No Banco BVA, o estoque desses títulos soma R$ 800 milhões e representa 15% da captação total da instituição. O lastro das operações são financiamentos a projetos imobiliários, que somam hoje uma carteira de R$ 1,6 bilhão. "O mais importante é que o tomador desse crédito seja do setor imobiliário", afirma Ivo Lodo, presidente do BVA. Lodo destaca que a remuneração paga pelo banco em uma LCI, de até 108%, chega a ser de três a cinco pontos básicos inferior à de um Certificado de Depósito Bancário (CDB) emitido pela instituição. O prazo médio das operações é de seis meses, e todas as emissões de LCIs e seus lastros são registrados pelo banco na Cetip.
Já no Pine, o estoque de LCIs alcançava R$ 19 milhões em julho, menos de 1% da captação total do banco.
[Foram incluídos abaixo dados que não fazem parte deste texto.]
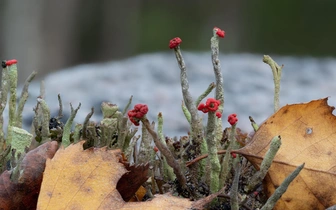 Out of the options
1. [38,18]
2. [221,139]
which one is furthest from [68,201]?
[38,18]

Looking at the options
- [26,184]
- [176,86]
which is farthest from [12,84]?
[176,86]

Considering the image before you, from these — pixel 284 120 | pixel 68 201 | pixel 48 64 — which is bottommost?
pixel 48 64

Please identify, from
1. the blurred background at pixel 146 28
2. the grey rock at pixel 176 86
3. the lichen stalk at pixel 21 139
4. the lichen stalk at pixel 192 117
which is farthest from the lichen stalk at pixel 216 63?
the blurred background at pixel 146 28

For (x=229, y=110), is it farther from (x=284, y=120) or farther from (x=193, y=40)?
(x=193, y=40)

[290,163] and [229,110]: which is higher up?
[290,163]

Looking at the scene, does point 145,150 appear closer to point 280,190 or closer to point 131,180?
point 131,180

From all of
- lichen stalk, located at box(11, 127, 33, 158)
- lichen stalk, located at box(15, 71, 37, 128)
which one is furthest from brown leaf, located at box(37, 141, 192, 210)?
lichen stalk, located at box(15, 71, 37, 128) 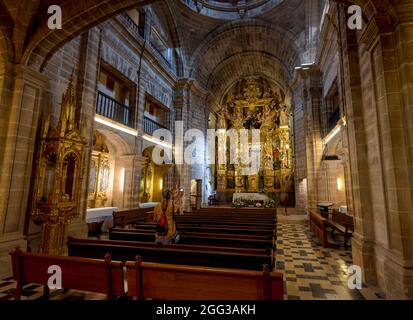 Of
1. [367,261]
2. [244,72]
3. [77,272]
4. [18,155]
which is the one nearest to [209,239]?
[77,272]

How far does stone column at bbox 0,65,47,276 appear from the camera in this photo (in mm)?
4312

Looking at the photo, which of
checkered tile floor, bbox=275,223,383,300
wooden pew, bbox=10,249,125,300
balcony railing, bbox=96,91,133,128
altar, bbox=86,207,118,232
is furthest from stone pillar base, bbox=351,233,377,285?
balcony railing, bbox=96,91,133,128

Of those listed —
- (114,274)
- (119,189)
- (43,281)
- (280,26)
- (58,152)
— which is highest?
(280,26)

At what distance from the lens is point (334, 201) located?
1025 centimetres

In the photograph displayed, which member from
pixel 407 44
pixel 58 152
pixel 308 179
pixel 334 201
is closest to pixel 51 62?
pixel 58 152

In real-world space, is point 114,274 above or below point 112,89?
below

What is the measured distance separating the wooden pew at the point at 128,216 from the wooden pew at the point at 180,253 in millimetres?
3417

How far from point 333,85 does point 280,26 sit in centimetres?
641

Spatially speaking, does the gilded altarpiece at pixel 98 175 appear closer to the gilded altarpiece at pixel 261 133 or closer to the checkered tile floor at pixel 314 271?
the checkered tile floor at pixel 314 271

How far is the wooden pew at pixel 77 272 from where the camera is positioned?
256 cm

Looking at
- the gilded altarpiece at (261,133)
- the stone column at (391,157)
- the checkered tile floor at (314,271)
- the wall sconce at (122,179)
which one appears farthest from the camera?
the gilded altarpiece at (261,133)

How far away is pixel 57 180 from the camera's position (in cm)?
498

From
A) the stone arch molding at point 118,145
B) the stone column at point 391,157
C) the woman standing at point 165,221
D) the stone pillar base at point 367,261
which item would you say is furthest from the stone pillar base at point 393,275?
the stone arch molding at point 118,145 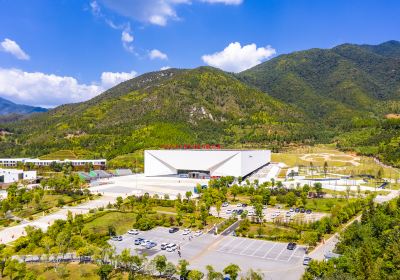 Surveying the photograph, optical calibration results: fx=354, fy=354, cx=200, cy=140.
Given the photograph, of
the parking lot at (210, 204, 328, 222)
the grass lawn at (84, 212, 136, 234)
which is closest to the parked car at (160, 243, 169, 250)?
the grass lawn at (84, 212, 136, 234)

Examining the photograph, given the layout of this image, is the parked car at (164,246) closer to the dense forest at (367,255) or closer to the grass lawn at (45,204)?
the dense forest at (367,255)

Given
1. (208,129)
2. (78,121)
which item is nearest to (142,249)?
(208,129)

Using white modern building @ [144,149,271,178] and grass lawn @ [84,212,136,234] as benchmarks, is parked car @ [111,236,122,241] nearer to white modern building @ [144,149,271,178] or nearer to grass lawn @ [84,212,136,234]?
grass lawn @ [84,212,136,234]

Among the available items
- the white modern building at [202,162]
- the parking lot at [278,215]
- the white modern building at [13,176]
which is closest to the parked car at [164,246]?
the parking lot at [278,215]

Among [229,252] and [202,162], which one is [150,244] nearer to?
[229,252]

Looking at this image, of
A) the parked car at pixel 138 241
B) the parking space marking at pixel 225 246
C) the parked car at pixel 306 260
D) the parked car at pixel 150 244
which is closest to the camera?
the parked car at pixel 306 260

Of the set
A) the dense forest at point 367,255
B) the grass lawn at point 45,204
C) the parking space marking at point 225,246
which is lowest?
the parking space marking at point 225,246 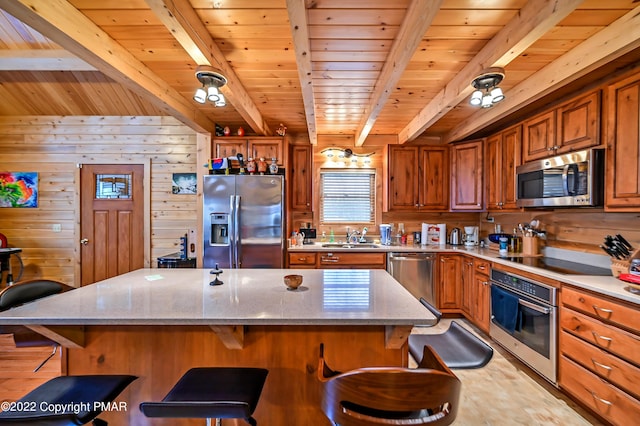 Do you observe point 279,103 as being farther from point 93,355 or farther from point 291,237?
point 93,355

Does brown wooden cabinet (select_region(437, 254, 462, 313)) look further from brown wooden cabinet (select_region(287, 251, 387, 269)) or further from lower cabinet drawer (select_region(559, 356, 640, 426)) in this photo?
lower cabinet drawer (select_region(559, 356, 640, 426))

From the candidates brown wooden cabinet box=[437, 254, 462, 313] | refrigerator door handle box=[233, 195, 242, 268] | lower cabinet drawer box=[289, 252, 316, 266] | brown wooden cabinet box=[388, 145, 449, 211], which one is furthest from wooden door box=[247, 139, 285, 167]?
brown wooden cabinet box=[437, 254, 462, 313]

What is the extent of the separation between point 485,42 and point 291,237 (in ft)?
9.58

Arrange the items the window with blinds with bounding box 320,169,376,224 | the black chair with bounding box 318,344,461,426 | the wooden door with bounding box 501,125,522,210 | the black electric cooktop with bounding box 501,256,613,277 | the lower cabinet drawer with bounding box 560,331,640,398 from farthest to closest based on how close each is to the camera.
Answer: the window with blinds with bounding box 320,169,376,224 → the wooden door with bounding box 501,125,522,210 → the black electric cooktop with bounding box 501,256,613,277 → the lower cabinet drawer with bounding box 560,331,640,398 → the black chair with bounding box 318,344,461,426

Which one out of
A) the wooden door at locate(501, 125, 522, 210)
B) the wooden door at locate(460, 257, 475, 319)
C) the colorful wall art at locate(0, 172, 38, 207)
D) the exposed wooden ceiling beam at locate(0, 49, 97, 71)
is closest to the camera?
the exposed wooden ceiling beam at locate(0, 49, 97, 71)

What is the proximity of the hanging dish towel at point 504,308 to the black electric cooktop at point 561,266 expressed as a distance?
33 centimetres

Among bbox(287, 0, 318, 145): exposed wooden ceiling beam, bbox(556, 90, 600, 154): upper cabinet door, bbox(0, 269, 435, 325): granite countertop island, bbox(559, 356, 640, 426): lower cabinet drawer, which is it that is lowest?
bbox(559, 356, 640, 426): lower cabinet drawer

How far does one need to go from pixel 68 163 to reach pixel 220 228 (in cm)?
270

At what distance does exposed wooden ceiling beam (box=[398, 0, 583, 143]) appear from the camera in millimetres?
1402

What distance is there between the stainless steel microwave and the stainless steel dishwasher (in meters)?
1.22

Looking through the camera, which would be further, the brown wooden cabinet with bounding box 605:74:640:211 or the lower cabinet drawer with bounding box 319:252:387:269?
the lower cabinet drawer with bounding box 319:252:387:269

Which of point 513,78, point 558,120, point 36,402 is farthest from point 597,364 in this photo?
point 36,402

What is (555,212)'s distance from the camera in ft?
9.05

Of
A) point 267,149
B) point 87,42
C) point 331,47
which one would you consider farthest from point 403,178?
point 87,42
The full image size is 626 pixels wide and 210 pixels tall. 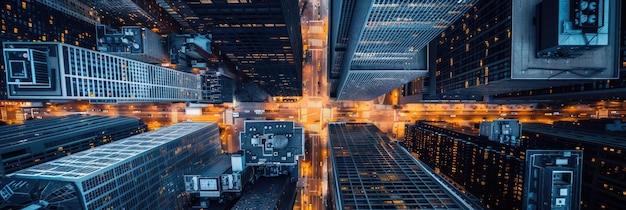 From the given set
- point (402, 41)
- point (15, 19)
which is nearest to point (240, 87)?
point (15, 19)

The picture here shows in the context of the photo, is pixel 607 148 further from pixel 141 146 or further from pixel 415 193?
pixel 141 146

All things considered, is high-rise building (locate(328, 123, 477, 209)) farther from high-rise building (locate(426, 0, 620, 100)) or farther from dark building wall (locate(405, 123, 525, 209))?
high-rise building (locate(426, 0, 620, 100))

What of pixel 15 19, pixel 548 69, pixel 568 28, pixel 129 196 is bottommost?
pixel 129 196

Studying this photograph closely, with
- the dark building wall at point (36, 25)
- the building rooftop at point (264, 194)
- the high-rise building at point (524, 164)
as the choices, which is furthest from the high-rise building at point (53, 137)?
the high-rise building at point (524, 164)

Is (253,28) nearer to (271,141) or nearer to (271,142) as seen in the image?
(271,141)

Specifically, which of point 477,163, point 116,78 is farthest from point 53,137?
point 477,163

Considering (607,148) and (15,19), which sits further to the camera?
(15,19)

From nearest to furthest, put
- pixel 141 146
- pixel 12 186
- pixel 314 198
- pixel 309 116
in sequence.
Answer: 1. pixel 12 186
2. pixel 141 146
3. pixel 314 198
4. pixel 309 116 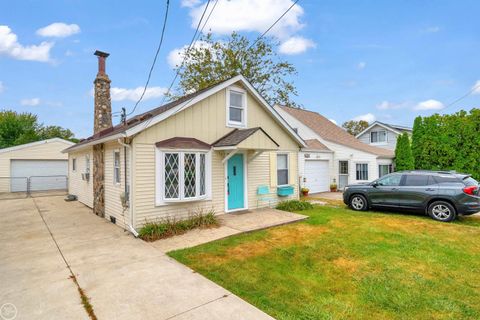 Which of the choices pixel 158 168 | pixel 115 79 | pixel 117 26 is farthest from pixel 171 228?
pixel 115 79

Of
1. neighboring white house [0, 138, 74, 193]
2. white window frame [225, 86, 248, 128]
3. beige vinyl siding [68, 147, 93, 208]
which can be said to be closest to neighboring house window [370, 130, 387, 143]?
white window frame [225, 86, 248, 128]

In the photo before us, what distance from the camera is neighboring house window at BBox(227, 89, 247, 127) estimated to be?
29.9 feet

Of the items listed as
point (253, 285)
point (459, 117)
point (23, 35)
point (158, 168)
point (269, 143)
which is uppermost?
point (23, 35)

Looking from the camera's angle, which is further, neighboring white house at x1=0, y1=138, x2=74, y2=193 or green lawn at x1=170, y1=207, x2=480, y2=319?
neighboring white house at x1=0, y1=138, x2=74, y2=193

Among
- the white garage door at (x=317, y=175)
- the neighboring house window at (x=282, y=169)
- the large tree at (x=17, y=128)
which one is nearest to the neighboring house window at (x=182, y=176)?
the neighboring house window at (x=282, y=169)

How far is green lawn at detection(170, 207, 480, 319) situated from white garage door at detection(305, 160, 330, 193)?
829 cm

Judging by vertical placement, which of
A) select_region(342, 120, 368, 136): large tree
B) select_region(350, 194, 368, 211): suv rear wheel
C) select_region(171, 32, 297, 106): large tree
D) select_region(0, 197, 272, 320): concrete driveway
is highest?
select_region(171, 32, 297, 106): large tree

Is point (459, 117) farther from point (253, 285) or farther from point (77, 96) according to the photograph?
point (77, 96)

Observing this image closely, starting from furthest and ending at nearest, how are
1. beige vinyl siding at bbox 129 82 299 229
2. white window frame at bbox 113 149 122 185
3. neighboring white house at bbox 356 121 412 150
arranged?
neighboring white house at bbox 356 121 412 150, white window frame at bbox 113 149 122 185, beige vinyl siding at bbox 129 82 299 229

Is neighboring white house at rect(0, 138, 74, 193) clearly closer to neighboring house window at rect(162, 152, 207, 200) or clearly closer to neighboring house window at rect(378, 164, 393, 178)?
neighboring house window at rect(162, 152, 207, 200)

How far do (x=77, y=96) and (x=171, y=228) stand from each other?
13019 millimetres

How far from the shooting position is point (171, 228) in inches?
275

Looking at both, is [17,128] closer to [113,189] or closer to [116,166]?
[113,189]

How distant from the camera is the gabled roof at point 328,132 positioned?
59.1 feet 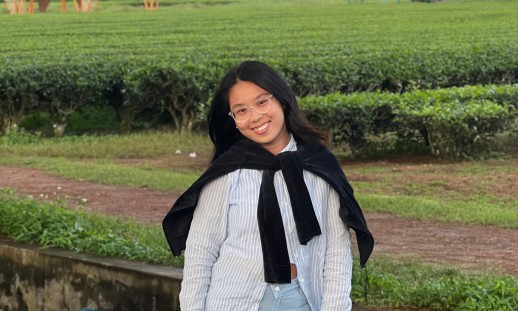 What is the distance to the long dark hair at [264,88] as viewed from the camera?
324 cm

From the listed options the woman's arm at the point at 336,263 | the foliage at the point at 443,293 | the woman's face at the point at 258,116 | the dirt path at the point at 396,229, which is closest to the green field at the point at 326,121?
the foliage at the point at 443,293

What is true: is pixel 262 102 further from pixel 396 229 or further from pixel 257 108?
pixel 396 229

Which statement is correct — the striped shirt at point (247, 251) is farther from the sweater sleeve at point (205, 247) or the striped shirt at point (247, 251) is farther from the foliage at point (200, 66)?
the foliage at point (200, 66)

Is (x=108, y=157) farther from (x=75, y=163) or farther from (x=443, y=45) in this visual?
(x=443, y=45)

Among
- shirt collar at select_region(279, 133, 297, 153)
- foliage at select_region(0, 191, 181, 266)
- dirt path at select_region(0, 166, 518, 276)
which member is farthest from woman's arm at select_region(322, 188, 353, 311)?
dirt path at select_region(0, 166, 518, 276)

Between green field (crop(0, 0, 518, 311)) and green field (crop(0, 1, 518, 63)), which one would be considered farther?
green field (crop(0, 1, 518, 63))

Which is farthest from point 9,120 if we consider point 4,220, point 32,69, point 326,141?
point 326,141

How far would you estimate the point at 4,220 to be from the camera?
6332 mm

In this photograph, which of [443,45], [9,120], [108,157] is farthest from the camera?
[443,45]

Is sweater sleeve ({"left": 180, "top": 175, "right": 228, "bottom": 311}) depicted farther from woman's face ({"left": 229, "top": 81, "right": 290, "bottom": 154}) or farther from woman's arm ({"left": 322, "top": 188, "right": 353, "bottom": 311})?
woman's arm ({"left": 322, "top": 188, "right": 353, "bottom": 311})

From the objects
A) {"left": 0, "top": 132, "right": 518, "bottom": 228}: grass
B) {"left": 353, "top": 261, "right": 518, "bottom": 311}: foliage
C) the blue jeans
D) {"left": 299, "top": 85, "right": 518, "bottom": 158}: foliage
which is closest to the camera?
the blue jeans

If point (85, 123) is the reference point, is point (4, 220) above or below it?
above

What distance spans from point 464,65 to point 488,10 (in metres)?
19.1

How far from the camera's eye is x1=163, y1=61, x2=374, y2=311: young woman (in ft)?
10.1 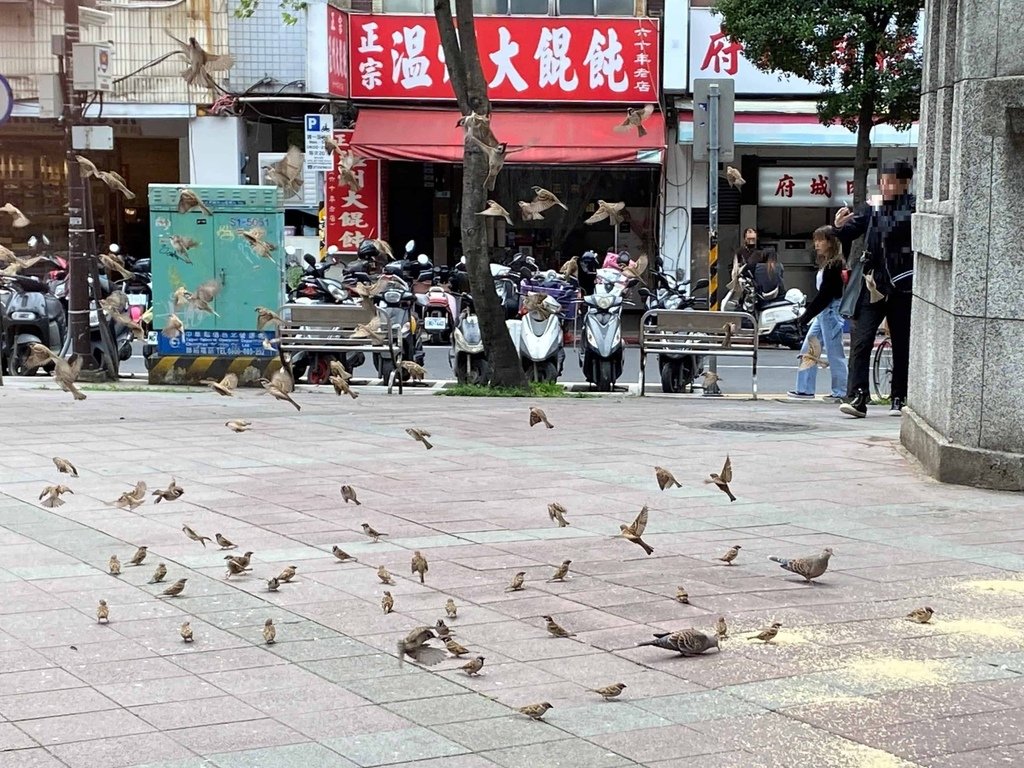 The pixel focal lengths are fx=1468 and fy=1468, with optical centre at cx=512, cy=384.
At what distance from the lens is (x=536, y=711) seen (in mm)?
4457

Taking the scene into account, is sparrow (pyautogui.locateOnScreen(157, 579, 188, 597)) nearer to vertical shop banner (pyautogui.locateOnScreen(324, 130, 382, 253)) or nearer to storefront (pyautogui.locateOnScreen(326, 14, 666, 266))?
storefront (pyautogui.locateOnScreen(326, 14, 666, 266))

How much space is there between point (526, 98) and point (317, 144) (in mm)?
4503

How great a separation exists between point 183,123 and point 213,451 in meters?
15.7

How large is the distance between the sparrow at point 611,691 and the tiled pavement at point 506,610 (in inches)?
1.8

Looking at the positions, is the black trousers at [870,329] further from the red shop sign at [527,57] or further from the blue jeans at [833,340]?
the red shop sign at [527,57]

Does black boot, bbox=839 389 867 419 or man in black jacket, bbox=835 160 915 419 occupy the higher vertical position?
man in black jacket, bbox=835 160 915 419

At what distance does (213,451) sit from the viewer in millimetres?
9703

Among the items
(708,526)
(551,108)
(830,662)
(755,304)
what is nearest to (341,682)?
(830,662)

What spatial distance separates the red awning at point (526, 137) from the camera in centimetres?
2247

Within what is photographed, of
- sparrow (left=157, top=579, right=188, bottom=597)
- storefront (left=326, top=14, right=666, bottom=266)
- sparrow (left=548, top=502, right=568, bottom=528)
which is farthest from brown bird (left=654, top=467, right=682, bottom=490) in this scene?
storefront (left=326, top=14, right=666, bottom=266)

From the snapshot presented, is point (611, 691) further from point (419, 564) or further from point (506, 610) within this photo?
point (419, 564)

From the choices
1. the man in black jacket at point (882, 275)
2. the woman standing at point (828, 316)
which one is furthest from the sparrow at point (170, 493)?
the woman standing at point (828, 316)

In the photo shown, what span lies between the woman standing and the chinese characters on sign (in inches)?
419

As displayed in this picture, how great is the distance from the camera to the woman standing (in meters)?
12.1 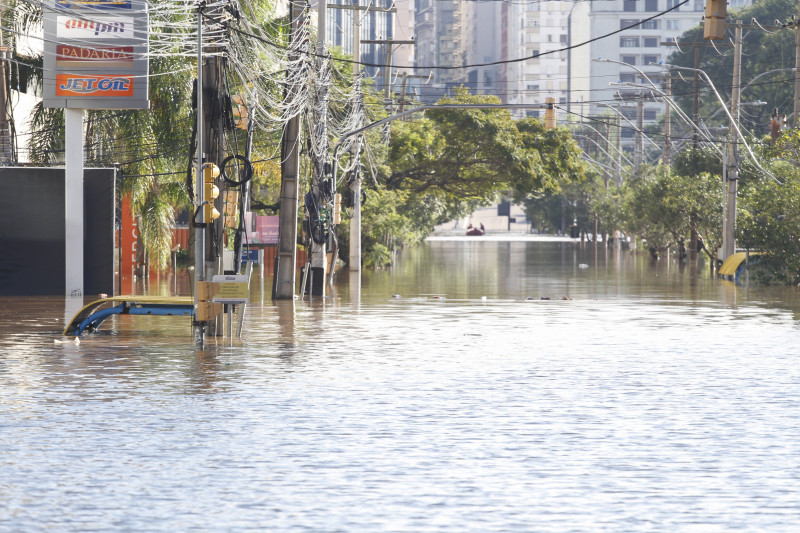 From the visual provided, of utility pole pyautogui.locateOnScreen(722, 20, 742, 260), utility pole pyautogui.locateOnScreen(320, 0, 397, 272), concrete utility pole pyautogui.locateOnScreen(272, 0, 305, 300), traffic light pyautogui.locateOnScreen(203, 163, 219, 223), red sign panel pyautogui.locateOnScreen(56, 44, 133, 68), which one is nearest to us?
traffic light pyautogui.locateOnScreen(203, 163, 219, 223)

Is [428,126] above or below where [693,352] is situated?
above

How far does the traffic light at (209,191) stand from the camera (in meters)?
22.4

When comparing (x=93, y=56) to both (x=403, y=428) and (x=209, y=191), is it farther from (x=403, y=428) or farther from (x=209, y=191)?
(x=403, y=428)

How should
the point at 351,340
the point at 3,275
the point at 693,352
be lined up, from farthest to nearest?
the point at 3,275, the point at 351,340, the point at 693,352

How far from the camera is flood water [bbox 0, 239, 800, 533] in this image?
31.0ft

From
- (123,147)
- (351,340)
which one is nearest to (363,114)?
(123,147)

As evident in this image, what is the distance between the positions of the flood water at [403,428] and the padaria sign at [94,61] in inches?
356

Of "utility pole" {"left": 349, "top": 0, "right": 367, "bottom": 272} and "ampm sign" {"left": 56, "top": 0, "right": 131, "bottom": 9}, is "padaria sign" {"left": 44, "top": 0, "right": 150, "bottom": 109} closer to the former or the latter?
"ampm sign" {"left": 56, "top": 0, "right": 131, "bottom": 9}

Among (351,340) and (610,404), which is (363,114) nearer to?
(351,340)

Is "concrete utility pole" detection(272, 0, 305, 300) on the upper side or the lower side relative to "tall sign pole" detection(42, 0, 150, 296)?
lower

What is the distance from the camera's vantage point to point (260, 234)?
46.2 meters

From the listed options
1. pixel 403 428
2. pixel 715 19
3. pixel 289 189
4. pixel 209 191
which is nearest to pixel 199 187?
pixel 209 191

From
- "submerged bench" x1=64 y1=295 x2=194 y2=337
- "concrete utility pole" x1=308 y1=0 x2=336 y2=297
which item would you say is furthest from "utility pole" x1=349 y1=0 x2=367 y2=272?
"submerged bench" x1=64 y1=295 x2=194 y2=337

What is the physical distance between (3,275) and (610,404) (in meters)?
25.9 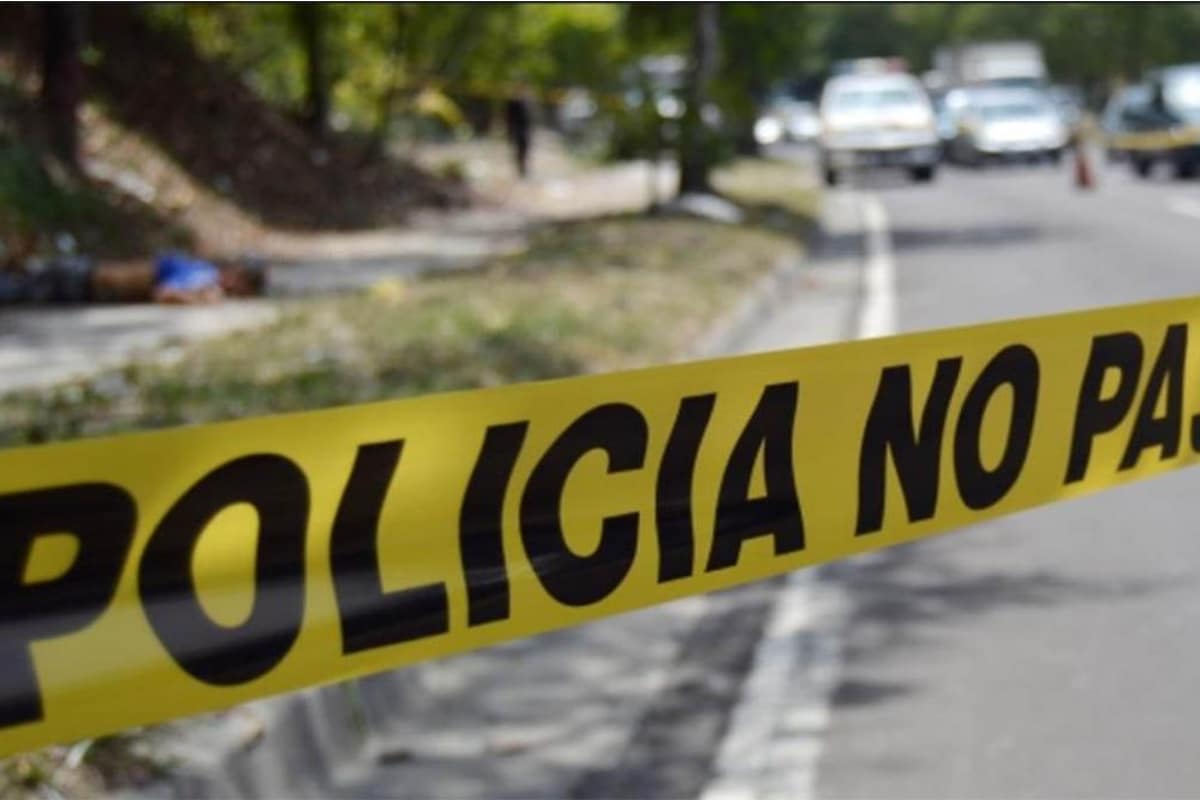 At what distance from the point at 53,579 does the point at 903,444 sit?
1.57 metres

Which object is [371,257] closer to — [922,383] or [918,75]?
[922,383]

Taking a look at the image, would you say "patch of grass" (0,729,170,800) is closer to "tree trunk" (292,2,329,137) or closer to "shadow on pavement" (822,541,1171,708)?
"shadow on pavement" (822,541,1171,708)

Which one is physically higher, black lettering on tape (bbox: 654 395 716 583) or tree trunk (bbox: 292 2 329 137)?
black lettering on tape (bbox: 654 395 716 583)

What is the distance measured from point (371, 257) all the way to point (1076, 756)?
705 inches

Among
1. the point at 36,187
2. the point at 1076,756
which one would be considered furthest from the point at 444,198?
the point at 1076,756

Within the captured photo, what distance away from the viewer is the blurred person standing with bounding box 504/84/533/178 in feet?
117

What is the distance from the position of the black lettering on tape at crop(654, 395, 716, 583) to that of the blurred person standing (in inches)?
1278

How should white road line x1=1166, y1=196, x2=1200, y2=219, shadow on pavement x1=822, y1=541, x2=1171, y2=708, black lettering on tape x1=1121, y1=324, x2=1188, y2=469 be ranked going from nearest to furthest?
black lettering on tape x1=1121, y1=324, x2=1188, y2=469 → shadow on pavement x1=822, y1=541, x2=1171, y2=708 → white road line x1=1166, y1=196, x2=1200, y2=219

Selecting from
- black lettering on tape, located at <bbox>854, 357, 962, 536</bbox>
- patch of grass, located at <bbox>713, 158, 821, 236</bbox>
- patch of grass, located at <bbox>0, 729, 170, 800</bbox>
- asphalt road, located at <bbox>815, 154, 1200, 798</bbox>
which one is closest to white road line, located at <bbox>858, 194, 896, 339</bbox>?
patch of grass, located at <bbox>713, 158, 821, 236</bbox>

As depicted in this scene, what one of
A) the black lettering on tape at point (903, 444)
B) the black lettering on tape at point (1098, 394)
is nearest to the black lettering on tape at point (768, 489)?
the black lettering on tape at point (903, 444)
As emissões têm como lastro o financiamento a empresas do setor de construção civil, que hoje representam 9% da carteira de crédito total do banco.
O Banco ABC Brasil também esclareceu que as LCIs emitidas pelo banco são lastreadas em empréstimos a incorporadoras e construtoras, que são direcionados para aquisição e investimentos em imóveis. O estoque de títulos emitidos pelo banco somou R$ 169,745 milhões no segundo trimestre, o que representa 1,4% da captação total.